— Task to complete —
This exercise calls for the line with "Luxy nightclub photo 185 - May 25th, 2018", the line with "斗罗:千仞雪素颜太迷人,武魂殿三美预定,武魂真身都那么性感", and all lines between them in the material below, output exactly and with no other lines.

— Source data —

------------------------------------------------------------

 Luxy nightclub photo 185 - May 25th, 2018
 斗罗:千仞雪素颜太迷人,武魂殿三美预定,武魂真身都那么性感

------------------------------------------------------------

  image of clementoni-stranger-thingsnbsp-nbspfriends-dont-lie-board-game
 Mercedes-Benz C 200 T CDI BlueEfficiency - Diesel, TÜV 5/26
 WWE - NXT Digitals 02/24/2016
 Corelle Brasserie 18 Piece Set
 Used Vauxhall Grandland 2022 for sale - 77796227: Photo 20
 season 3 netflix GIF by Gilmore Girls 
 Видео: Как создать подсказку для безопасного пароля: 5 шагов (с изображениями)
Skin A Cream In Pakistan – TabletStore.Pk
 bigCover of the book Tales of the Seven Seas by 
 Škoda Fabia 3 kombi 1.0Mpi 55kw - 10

------------------------------------------------------------

— Result of the exercise —
 Luxy nightclub photo 185 - May 25th, 2018
 斗罗:千仞雪素颜太迷人,武魂殿三美预定,武魂真身都那么性感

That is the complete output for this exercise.